As you can see, there is only one method that has to be implemented: cpp virtual Instruction *DecodeInstruction(uint64_t address);

Now let's look at what is provided and what is needed by the generated code.

First, consider the top level class RiscV32IInstructionSet in the file riscv32i_decoder.h, which was generated at the end of the tutorial on the ISA decoder. To see the contents anew, navigate to the solution directory of that tutorial and rebuild all.

$ cd riscv_isa_decoder/solution
$ bazel build :all
...<snip>...

Now change your directory back to the repository root, then let's take a look at the sources that were generated. For that, change directory to bazel-out/k8-fastbuild/bin/riscv_isa_decoder (assuming you are on an x86 host - for other hosts, the k8-fastbuild will be another string).

$ cd ../..
$ cd bazel-out/k8-fastbuild/bin/riscv_isa_decoder

You will see the four source files that contain the generated C++ code listed:

  • riscv32i_decoder.h
  • riscv32i_decoder.cc
  • riscv32i_enums.h
  • riscv32i_enums.cc

Open up the first file riscv32i_decoder.h. There are three classes that we need to take a look at:

  • RiscV32IEncodingBase
  • RiscV32IInstructionSetFactory
  • RiscV32IInstructionSet

Note the naming of the classes. All the classes are named based on the Pascal-case version of the name given in the "isa" declaration in that file: isa RiscV32I { ... }

Let's start with the RiscVIInstructionSet class first. It is shown below:

class RiscV32IInstructionSet {
 public:
  RiscV32IInstructionSet(ArchState *arch_state,
                         RiscV32IInstructionSetFactory *factory);
  Instruction *Decode(uint64 address, RiscV32IEncodingBase *encoding);

 private:
  std::unique_ptr<Riscv32Slot> riscv32_decoder_;
  ArchState *arch_state_;
};

There are no virtual methods in this class, so this is a stand-alone class, but notice two things. First, the constructor takes a pointer to an instance of the RiscV32IInstructionSetFactory class. This is a class that the generated decoder uses to create an instance of the RiscV32Slot class, which is used to decode all the instructions defined for the slot RiscV32 as defined in the riscv32i.isa file. Second, the Decode method takes an additional parameter of type pointer to RiscV32IEncodingBase, this is a class that will provide the interface between the isa decoder generated in the first tutorial and the binary decoder generated in the second lab.
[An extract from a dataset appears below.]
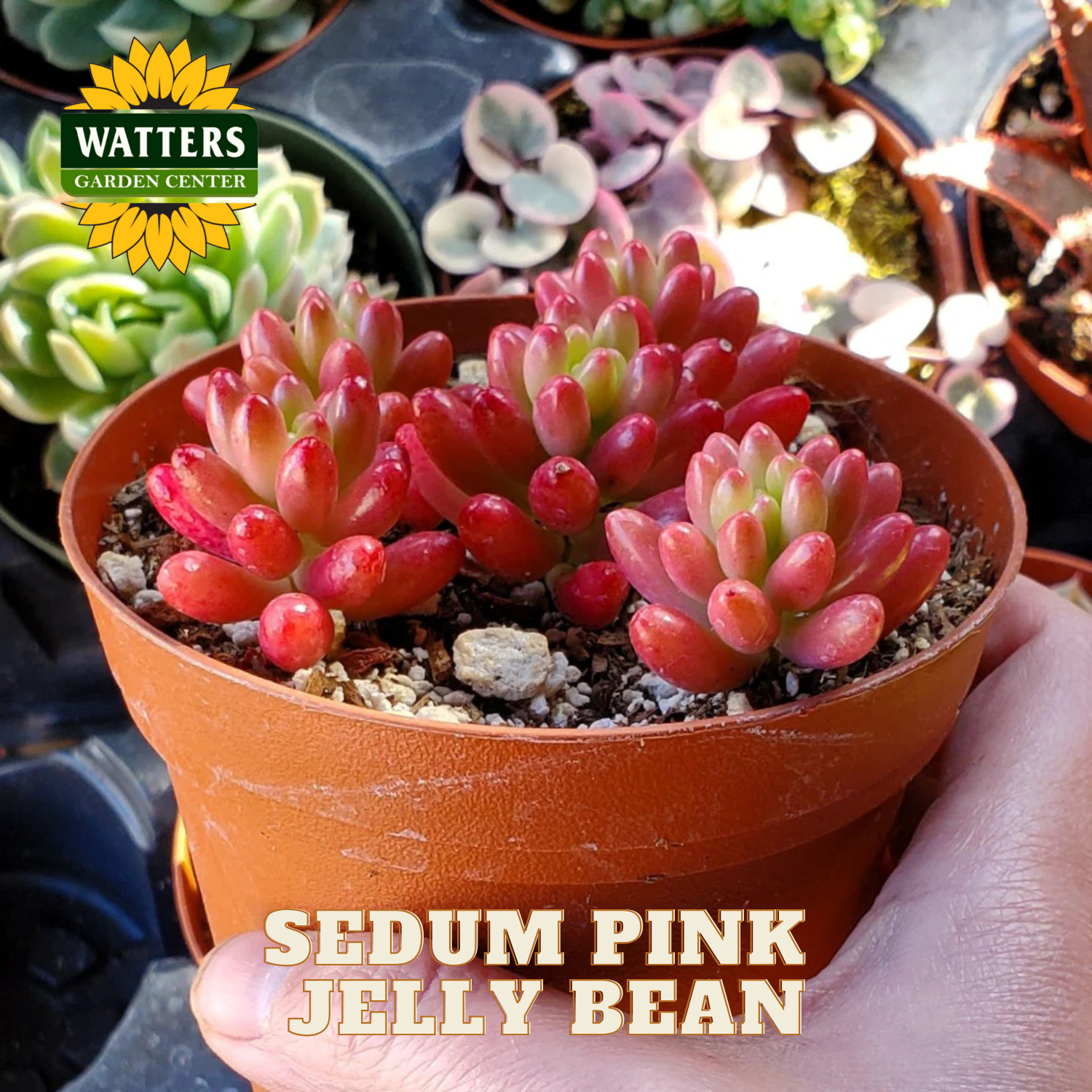 Potted Sedum Pink Jelly Bean plant held by a hand, with Watters Garden Center branding.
The class RiscV32IInstructionSetFactory is an abstract class from which we have to derive our own implementation for the full decoder. In most cases this class is trivial: just provide a method for calling the constructor for each slot class defined in our .isa file. In our case, it's very simple as there is only a single such class: Riscv32Slot (Pascal-case of the name riscv32 concatenated with Slot). The method is not generated for you as there are some advanced use cases where there might be utility in deriving a subclass from the slot, and calling its constructor instead.
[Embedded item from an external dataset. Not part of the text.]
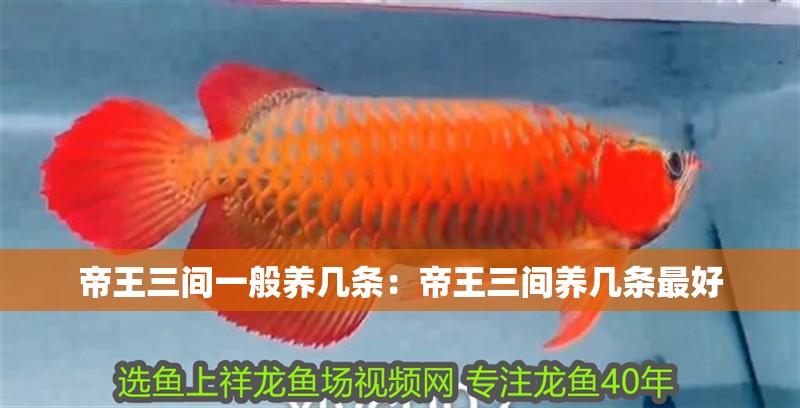 帝王三間一般養(yǎng)幾條：帝王三間養(yǎng)幾條最好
We will go through the final class RiscV32IEncodingBase later in this tutorial, as that is the subject of another exercise.


Define top level instruction decoder

Define the factory class

If you rebuilt the project for the first tutorial, make sure you change back to the riscv_full_decoder directory.
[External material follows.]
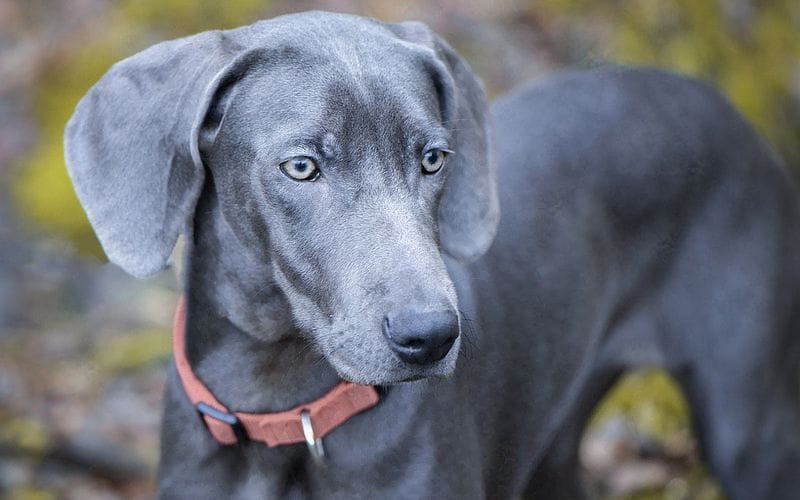 Blue Weimaraner: Facts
Open up the file riscv32_decoder.h. All the necessary include files have already been added and the namespaces have been set up.

After the comment marked //Exercise 1 - step 1 define the class RiscV32IsaFactory inheriting from RiscV32IInstructionSetFactory.

class RiscV32IsaFactory : public RiscV32InstructionSetFactory {};

Next, define the override for CreateRiscv32Slot. Since we don't use any derived classes of Riscv32Slot, we simply allocate a new instance using std::make_unique.

std::unique_ptr<Riscv32Slot> CreateRiscv32Slot(ArchState *) override {
  return std::make_unique<Riscv32Slot>(state);
}

If you need help (or want to check your work), the full answer is here.

Define the decoder class

Constructors, destructor, and method declarations

Next it's time to define the decoder class. In the same file as above, go to the declaration of RiscV32Decoder. Expand the declaration into a class definition where RiscV32Decoder inherits from generic::DecoderInterface.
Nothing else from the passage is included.